## Task details:
Your output must consist of the records printed verbatim, with the pictures excluded.

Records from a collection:
★ ★ ★ ★
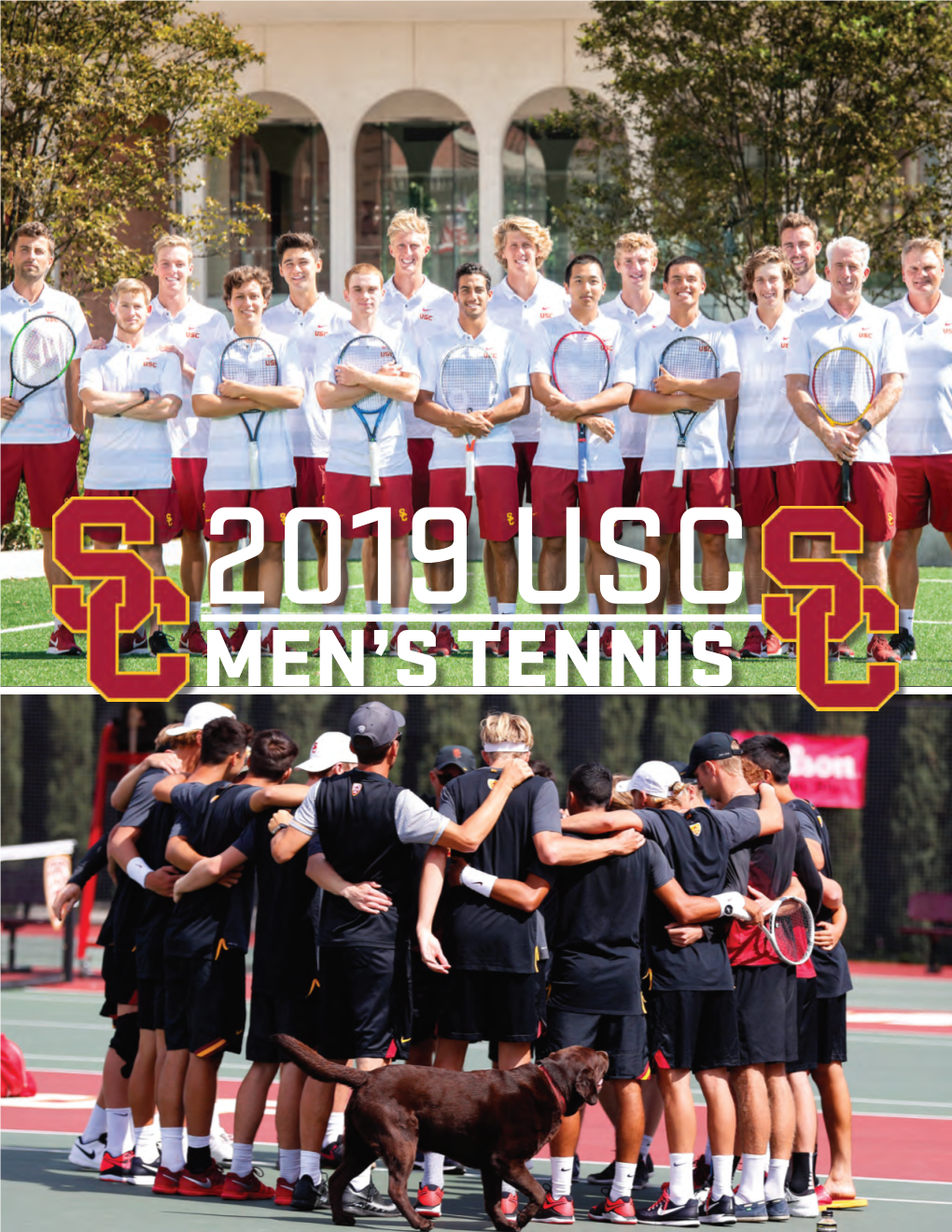 Men's Tennis Tennis Director Academic Counselor of Operations Team Manager Team Manager 6 2019 USC MEN’S TENNIS DAVID X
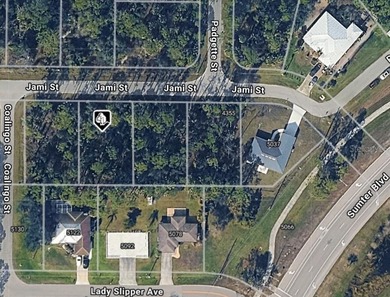 Northport Waterway Lakes and Canals Lot For Sale in North Port Florida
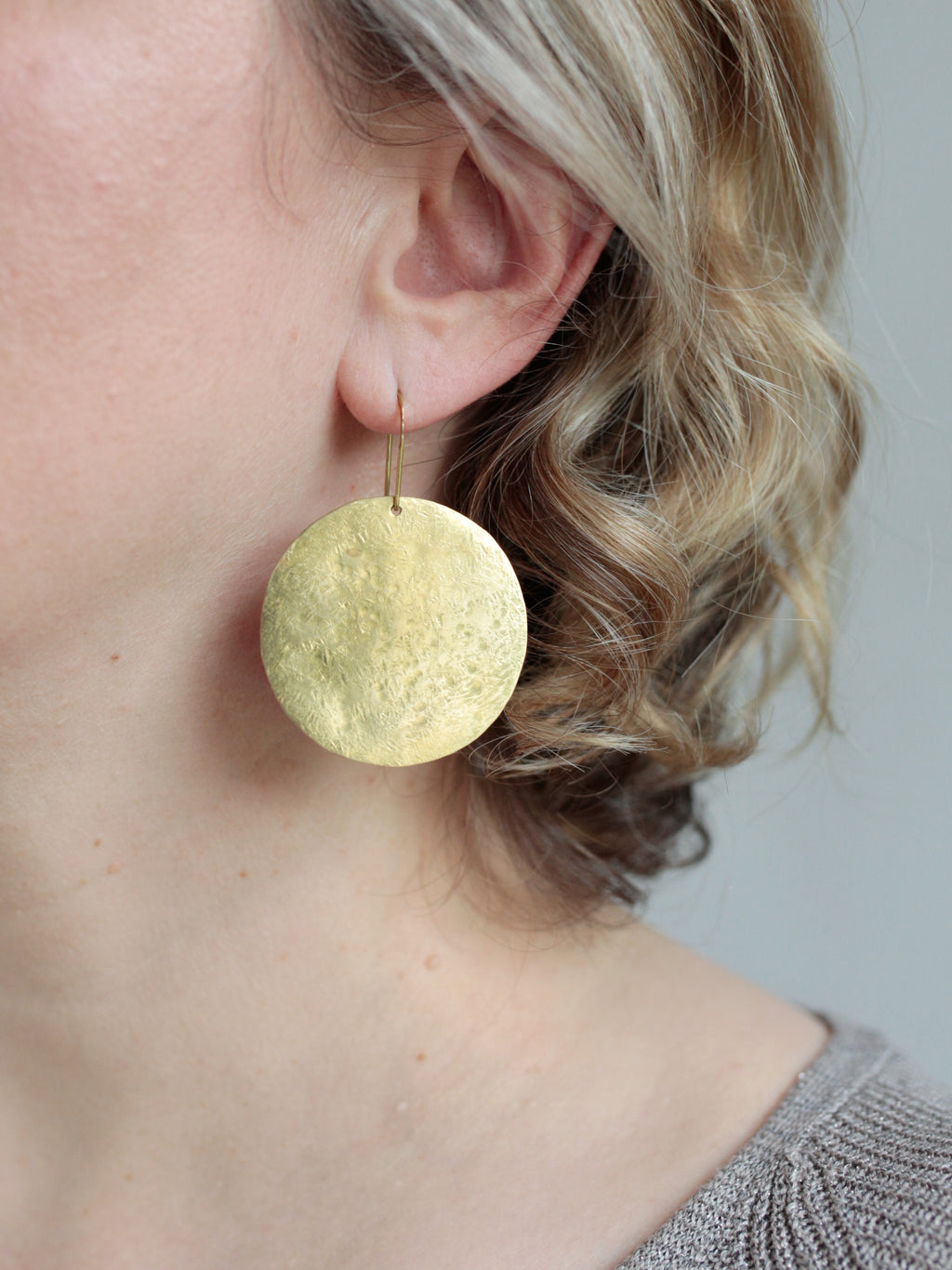 Vollmond Ohrringe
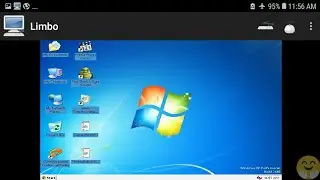 run Windows on phone and get 20gb hard disk using limbo | convert your phone to pc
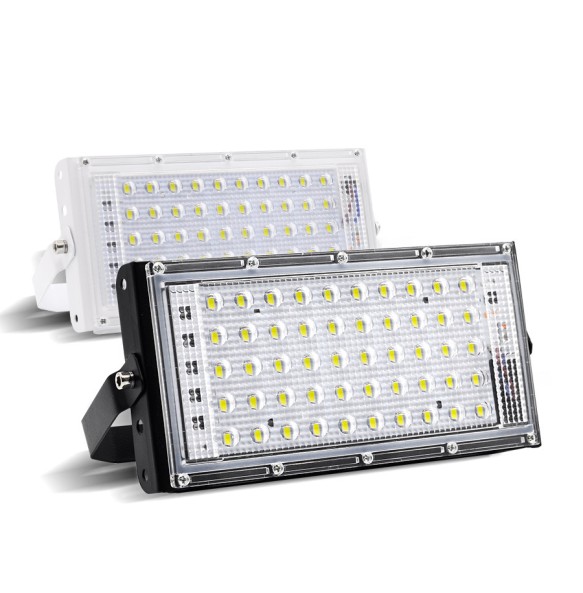 LED Flood Light 50W Outdoor Floodlight IP65 Waterproof Garden Lamp Street Lamp LED Reflector Light AC 220V 230V 240V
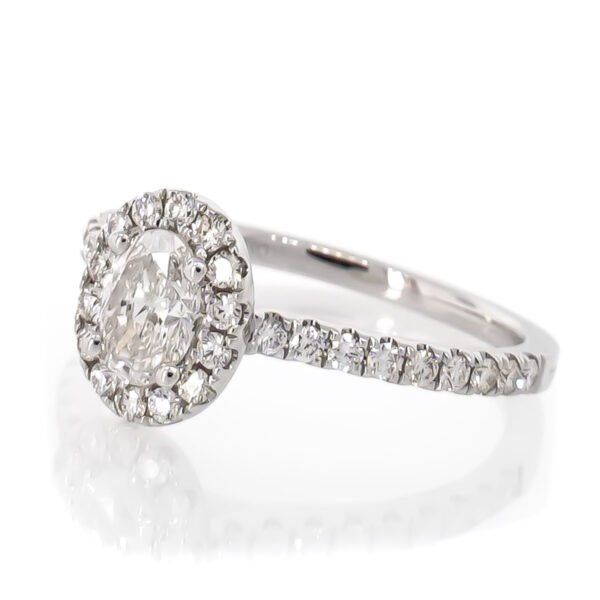 Fancy Shape Halo Ring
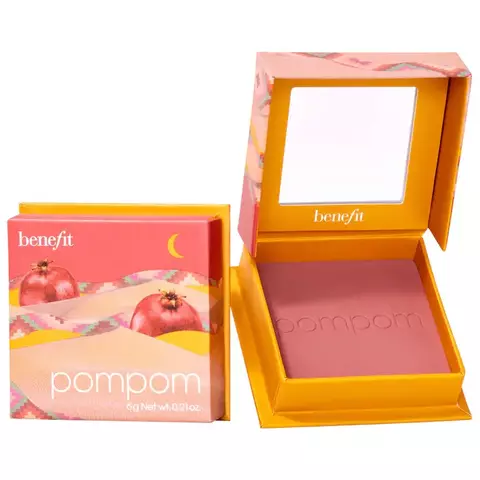Benefit Cosmetics - Blush em pó macio e sedoso - Anne Caroline Beauty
★ ★ ★ ★
## Task response:
 Men's Tennis Tennis Director Academic Counselor of Operations Team Manager Team Manager 6 2019 USC MEN’S TENNIS DAVID X
 Northport Waterway Lakes and Canals Lot For Sale in North Port Florida
 Vollmond Ohrringe
 run Windows on phone and get 20gb hard disk using limbo | convert your phone to pc
 LED Flood Light 50W Outdoor Floodlight IP65 Waterproof Garden Lamp Street Lamp LED Reflector Light AC 220V 230V 240V
 Fancy Shape Halo Ring
Benefit Cosmetics - Blush em pó macio e sedoso - Anne Caroline Beauty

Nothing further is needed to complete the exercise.